# main sail trim



## bkw (Aug 20, 2006)

36' sailboat.
true or false, please answer the following:

from a beat to a beam reach, ease the mainsheet, not the traveler.

upper batten can be used as a reference point for setting the traveler.

if the top batten doesn't parallel the boom; the cure is to raise the traveler a few inches.


----------



## Plumper (Nov 21, 2007)

bkw said:


> 36' sailboat.
> true or false, please answer the following:
> 
> from a beat to a beam reach, ease the mainsheet, not the traveler.
> ...


It is not really that simple, but normally, ease the mainsheet.

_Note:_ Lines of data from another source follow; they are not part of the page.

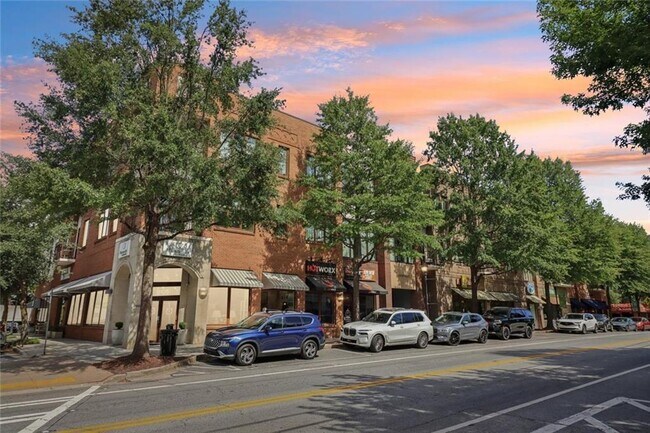 Building Photo - 1430 Dresden Dr NE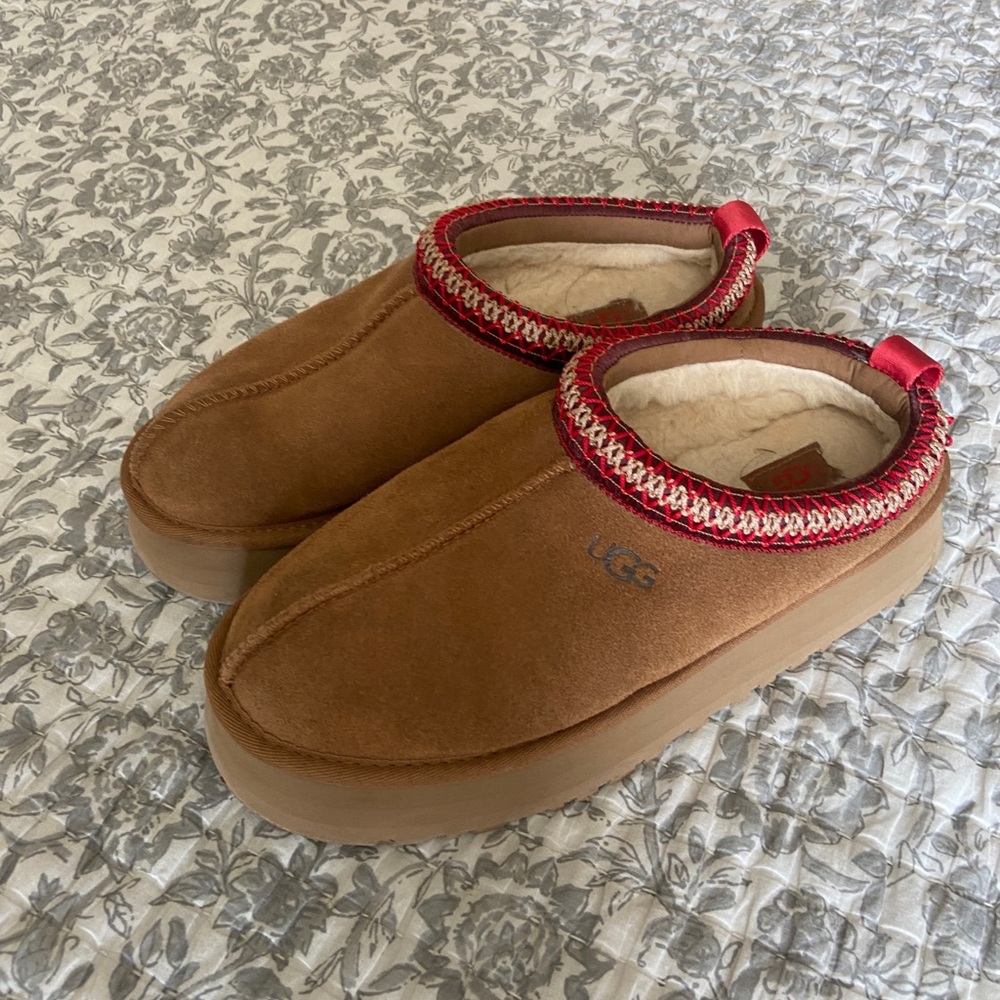 UGG TAZZ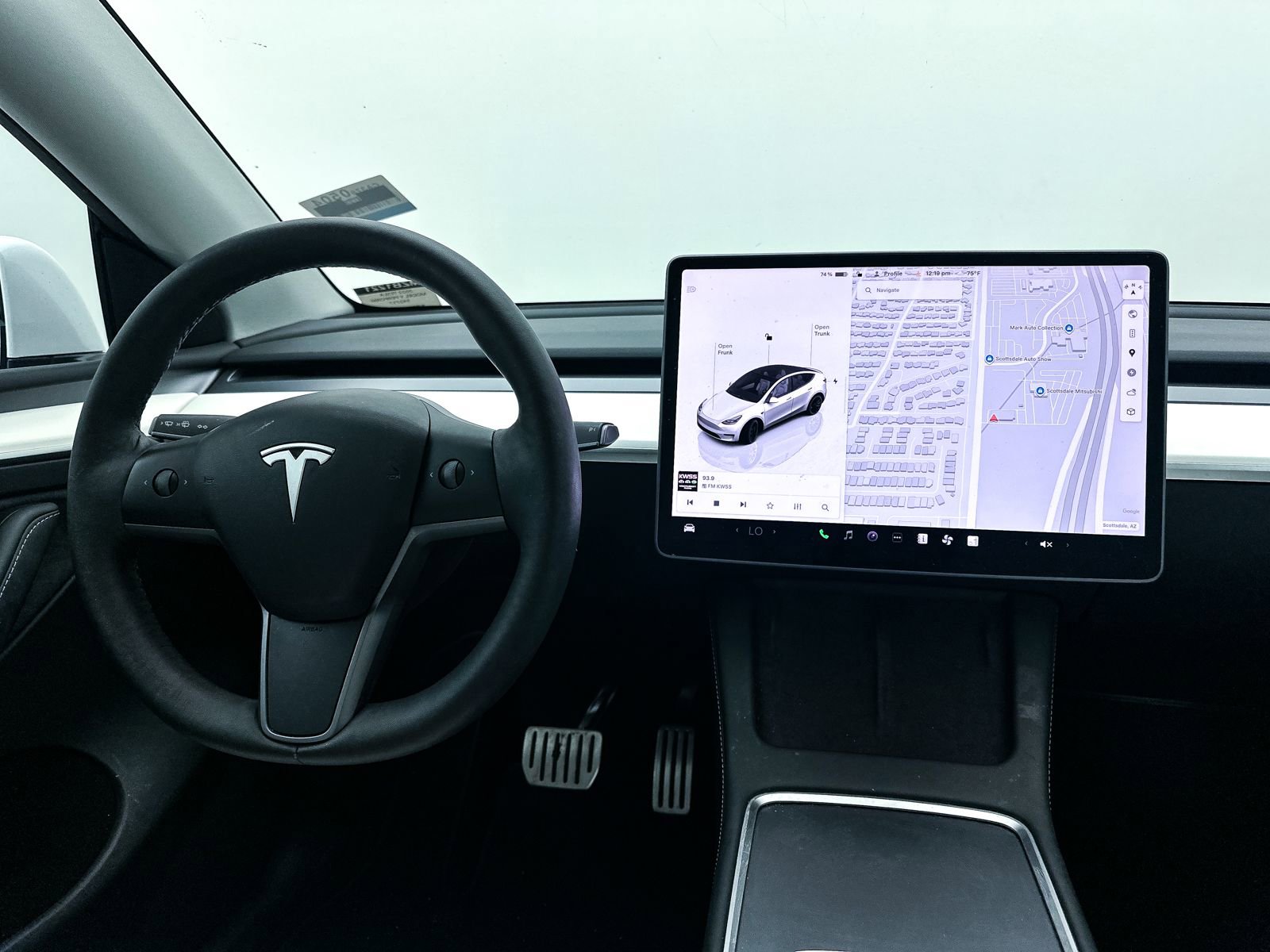 Used 2022 Tesla Model Y Performance AWD/4WD image 3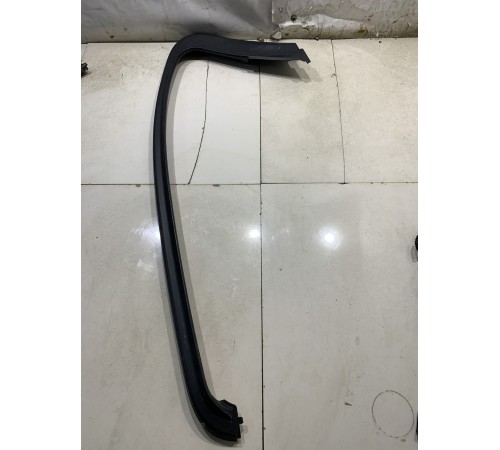 Накладка двери (задняя правая)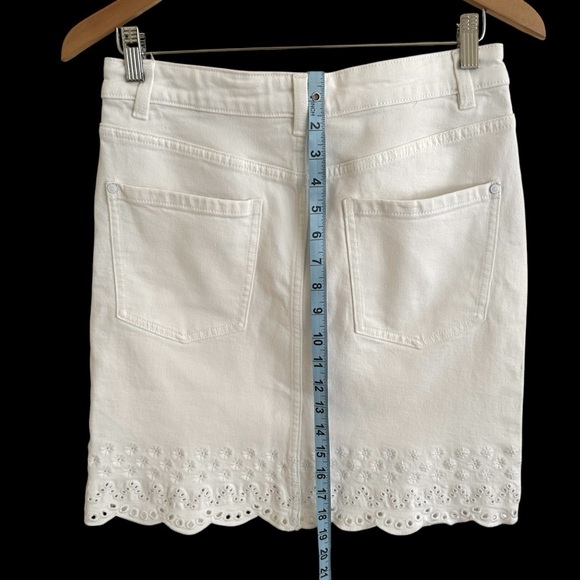 Tchibo Womens size 4 White Eyelet Lace Denim Jean Mini Skirt Embroidered Preppy - Picture 2 of 8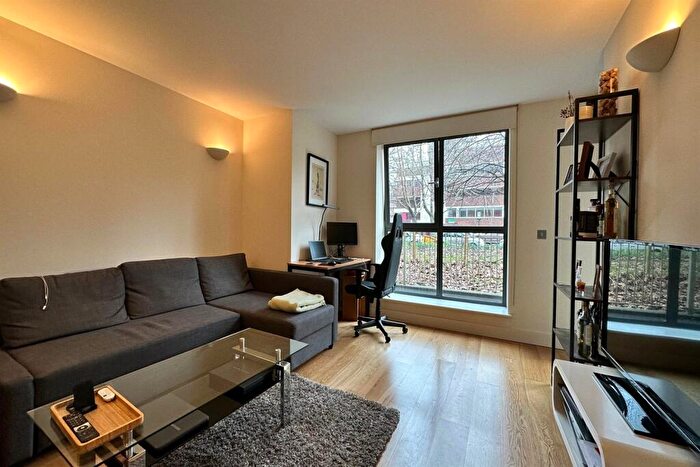 1 Bedroom Apartment To Rent In St William's Court, Gifford Street, Kings Cross, Islington, London, N1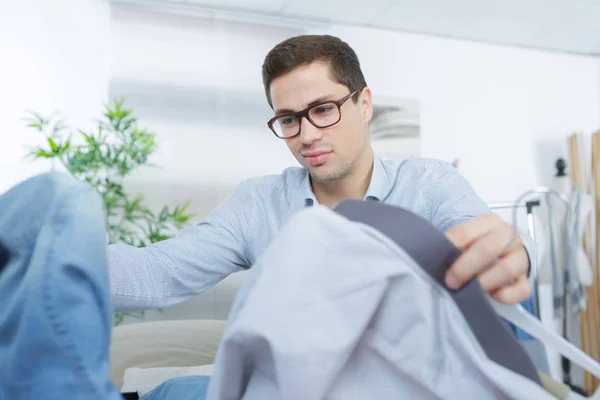 Närbild av affärsmannen packning kläder i resväska — Stockfoto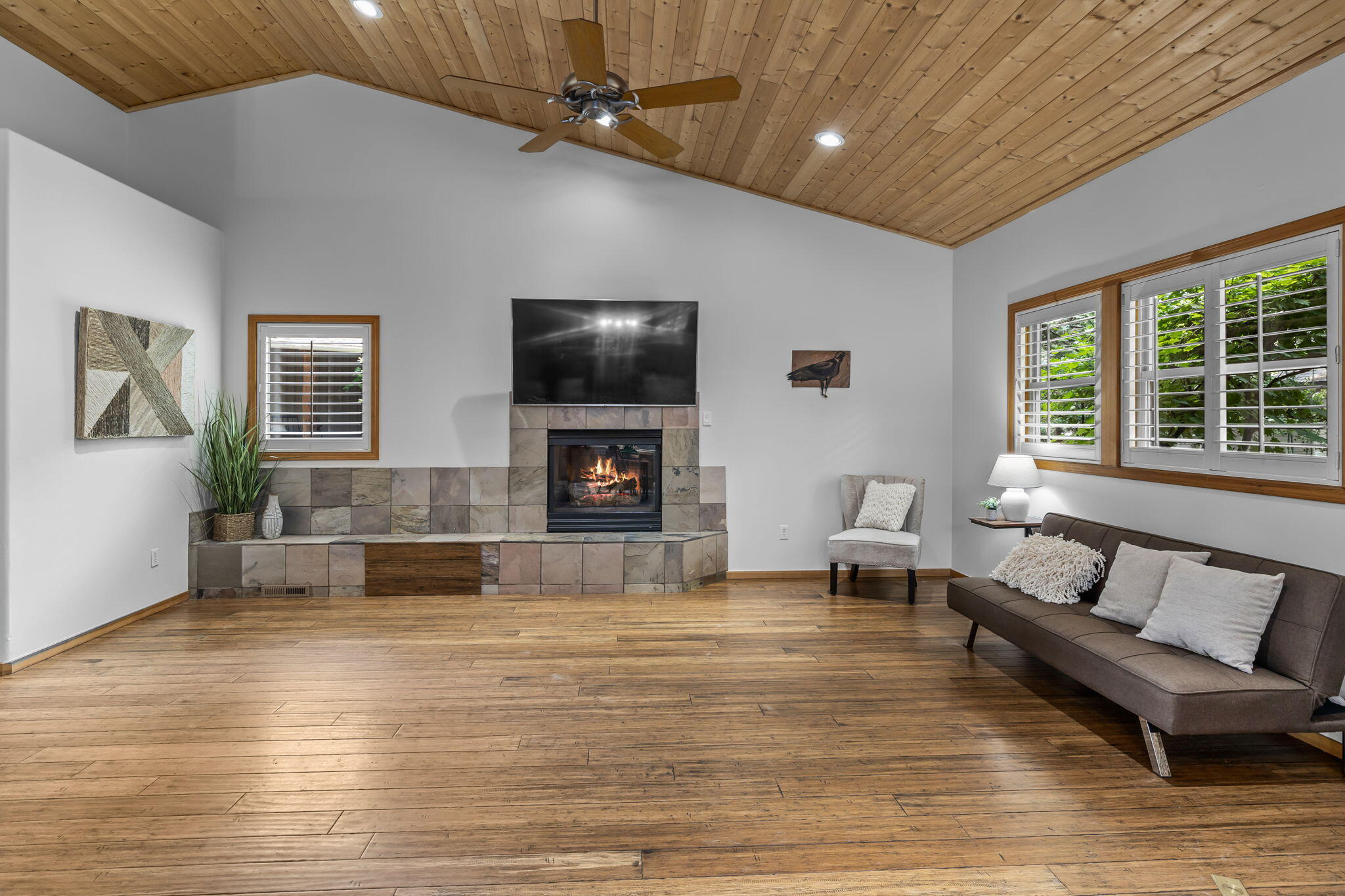 Mountain Pine - Residential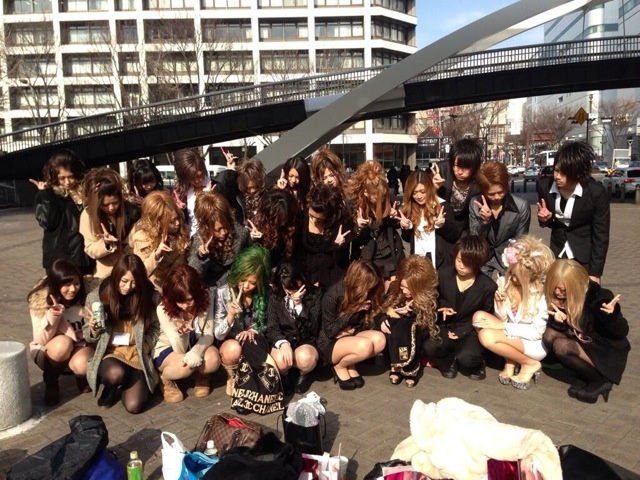 Новая модная тенденция у японской молодёжи япония, мода, тенденция,Face Down Pose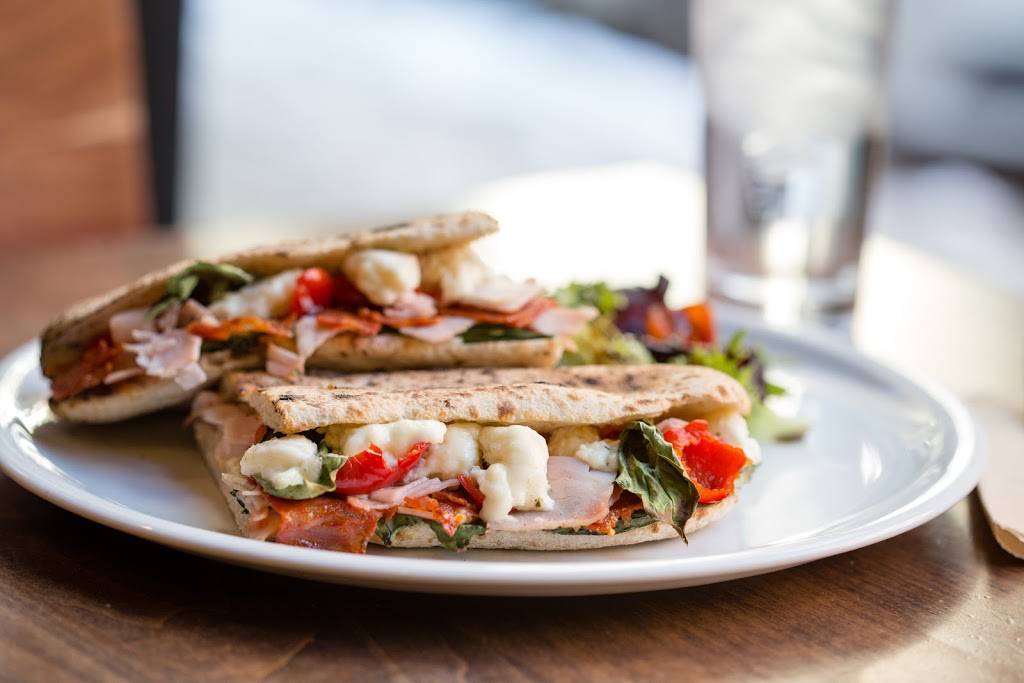 Brigade Sherbrooke, pizzeria napolitaine et pâtes | restaurant | 1824 Rue King Ouest, Sherbrooke, QC J1J 2E2, Canada | 8198200594 OR +1 819-820-0594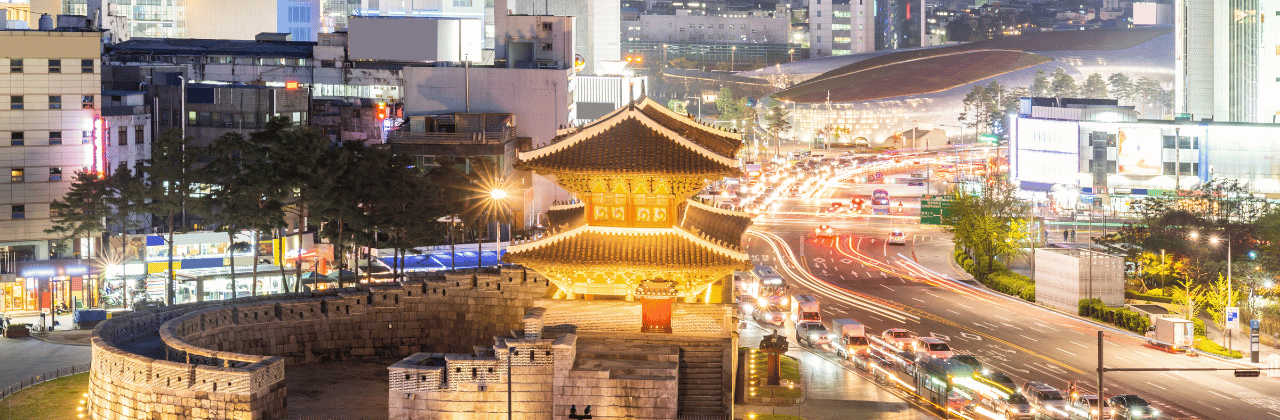 Dongdaemun è una delle porte di Seoul Dongdaemun è una delle porte di Seoul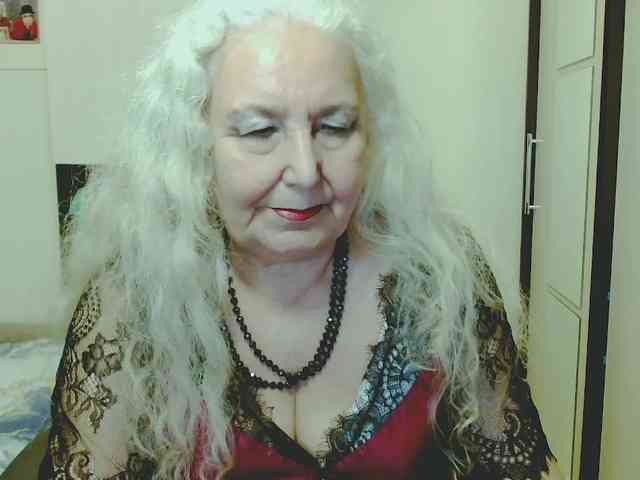 Model: GrannyWants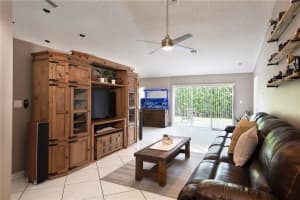 10257 Welleby Isles Ln, Sunrise, FL 33351, Sold 08/18/22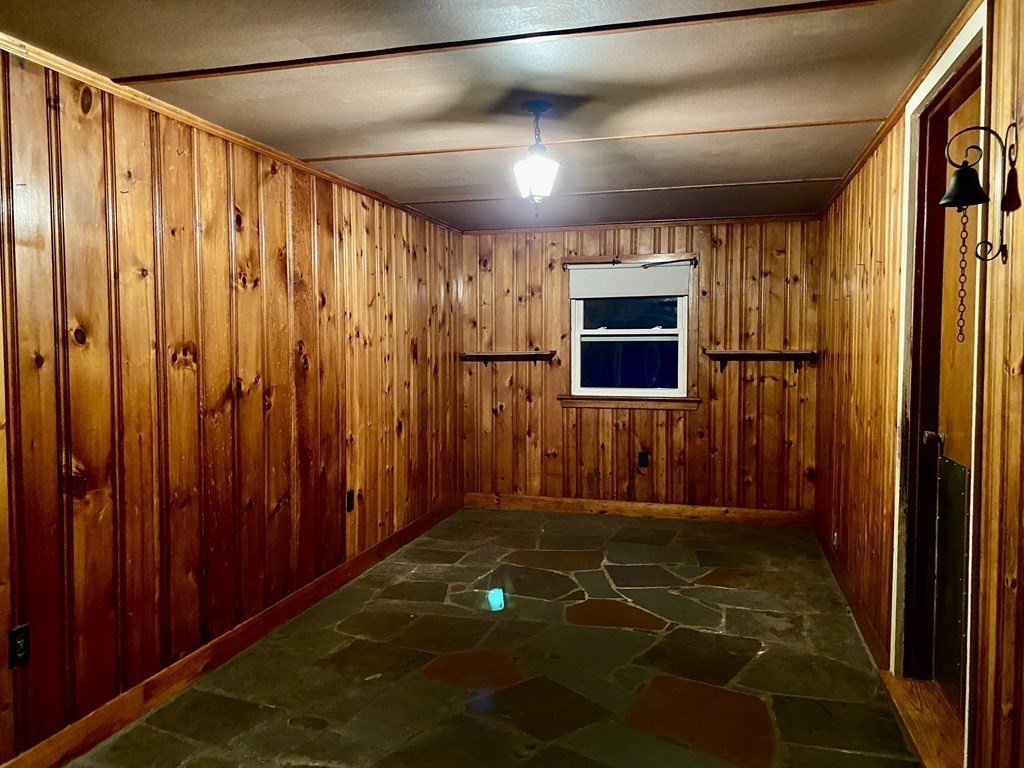 45 Crosby Road Dracut, MA 01826 - Photo 24 of 28 Gallery Image 24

Use the upper batten/telltales for references for the combo of the mainsheet/vang/traveller.

Top batten not parallel, adjust the mainsheet, vang, and traveller until the tell tales fly and the top batten is close.

The farther out the mainsail is (off the centreline) the more important the vang becomes and the less important the traveller is.


----------



## maxmunger (Dec 29, 2005)

As you have written the question, answer is false.
Assuming your sails where already trimmed for the beat....
First ease out the headsail for a beam reach and adjust lead...
Then lower the traveler, to keep the same mainsail shape.

if this is not enough then work the mainsheet and if present, vang, to get the shape correct. Upper batten could care less what position the traveler is in. leach twist is always controlled by sheet and vang.

no vang, no control of leach beyond end of traveler.


----------



## bkw (Aug 20, 2006)

thanks for your input.


----------